Looking at the source code files, the only interesting file here is app.js which is a NodeJS file.

Inside the source code, we can see that the flag is stored inside the cookie.

const visit = async url => {
  let context
  try {
    if (!browser) {
      browser = await puppeteer.launch({
        headless: 'new',
        args: ['--js-flags=--jitless,--no-expose-wasm', '--disable-gpu', '--disable-dev-shm-usage'],
      })
    }
    context = await browser.createIncognitoBrowserContext()
    const page = await context.newPage()
    await page.setCookie({
      name: 'flag',
      value: FLAG,
      domain: 'localhost:3000',
    })
    await page.goto(url)
    await sleep(3000)
    await page.close()
  } catch (e) {
    console.error(e)
  } finally {
    if (context) await context.close()
  }
}


Usually, when dealing with Puppeteer, Selenium or any kind of bot visiting challenges.. it must have something to do with either XSS (Cross-site scripting) or any attacks that requires user interaction.

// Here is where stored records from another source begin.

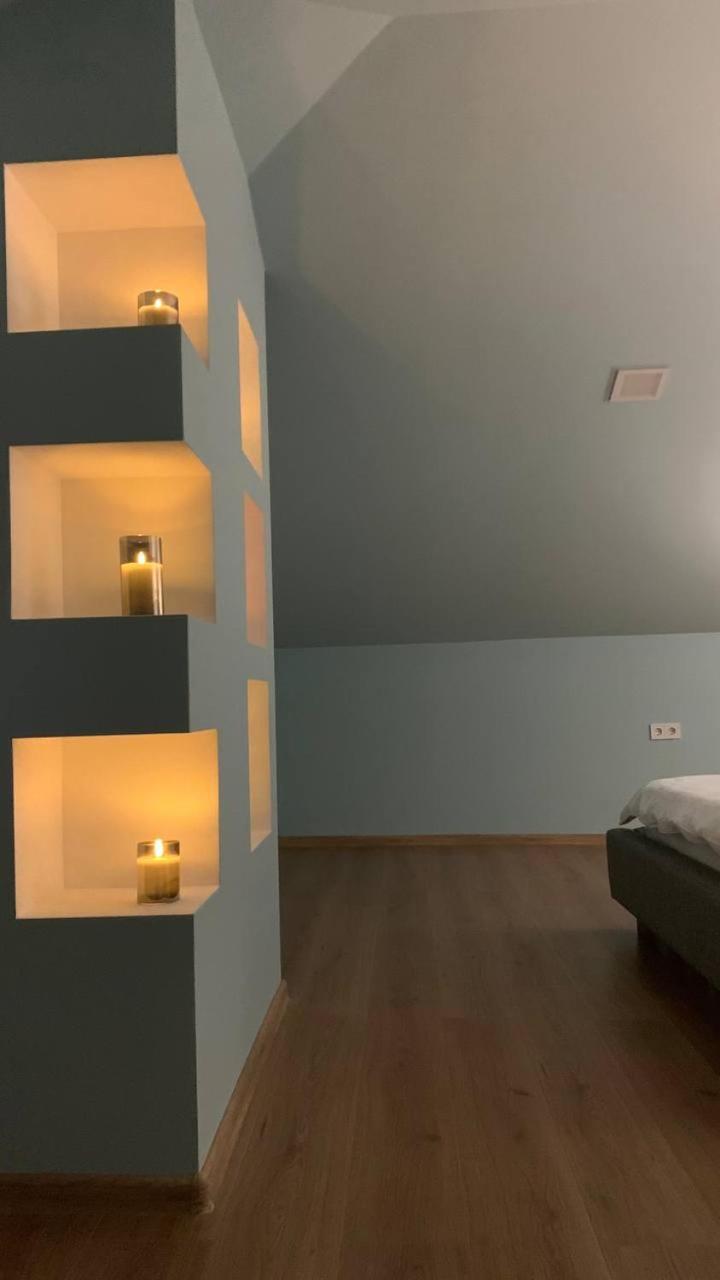 Cozy Apartment B35 In Grand Resort Pamporovo Kültér fotó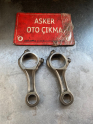 Ducato 3 piston kolu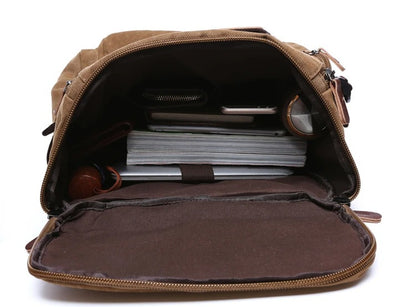sac-a-dos-homme-baroudeur-vintage-rangement-organisation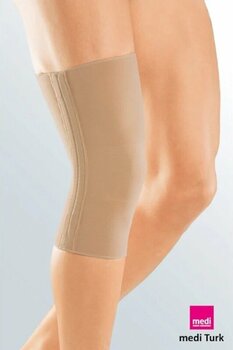 Medi Elastic Knee Support 601 Elastik Örme Dizlik 7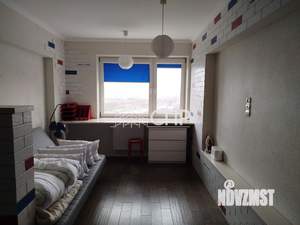 2-к квартира, вторичка, 50м2, 15/17 этаж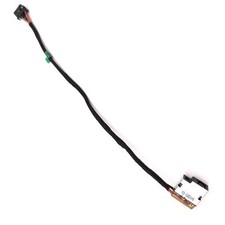 AC DC POWER JACK HARNESS CABLE FOR HP Envy 17 J j020us j021nr 65W 90W 713704-SD4 picture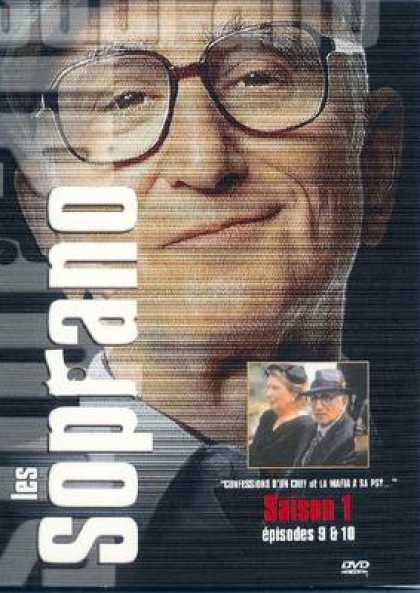 TV Series - The Sopranos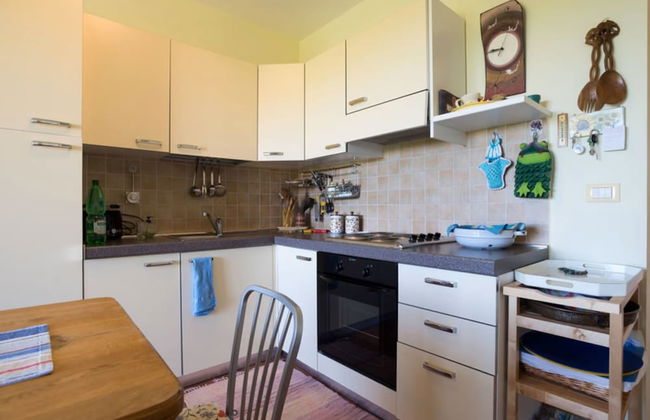 Apartment With Sea View Pool And Tennis Court - Just Relax - Foto 19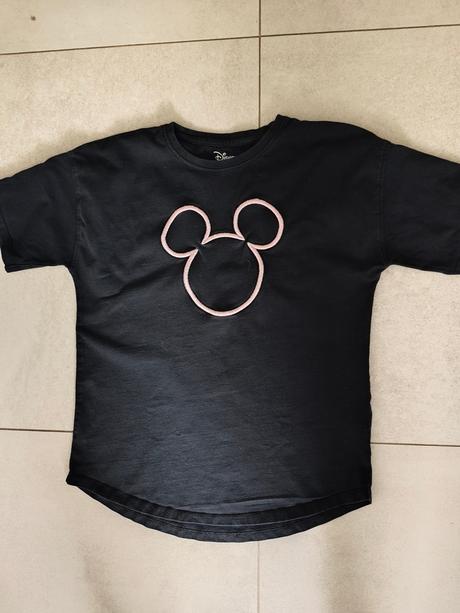 Bavlnené tričko, reserved,158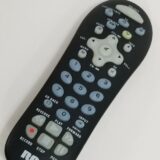 RCA universal remote, simple easy to use, 2 AA batteries included, replaces and consolidates most major brand remotes, simplifies device setup with automatic, brand, manual and direct code search methods, enables direct access to new HD over-the-air digital sub-channels (like 59.1), works with over 325 brands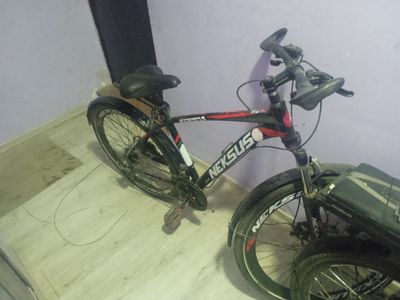 Velosiped va elektron velosiped sotiladi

Since the flag is stored in the cookie, I assume that we have to somehow invoke XSS and fetch document.cookie with our payload.

Problem here is that, the input only accept urls starting with https://www.google.com/ .


Do we need to have our website on google search..?


That couldn’t be it right.. it would be very tedious.

Is there any open redirect available on google?


To my surprise, there is! I’ve never expected such a thing from google. I’ve found two working examples.

For example this one, it requires correct usg= parameter for redirects. If not, you will be stopped on the redirect with a notice.

https://www.google.com/url?sa=t&url=http://example.org/&usg=AOvVaw1YigBkNF7L7D2x2Fl532mA

Another one I found which requires nothing at all.

https://www.google.com/amp/s/malicioushost.com
// from my testing, the /s is actually optional for this to work.


Oh TIL. There’s a lot of interesting stuff we can do with this, we’ll get back to this later. Very interesting indeed!


First idea:

Maybe I could just host my website, put my XSS payload inside my website and fetch the cookie.

Will it work?

I didn’t even try, and I know it wouldn’t work. The cookie is only stored for the domain localhost:3000 based on the source code.

await page.setCookie({
      name: 'flag',
      value: FLAG,
      domain: 'localhost:3000',
    })

Second idea:

Okay, since the cookie is only for domain localhost:3000 which I am guessing is the website local connection, maybe there’s an XSS sink (a place we could put our payload) inside the website.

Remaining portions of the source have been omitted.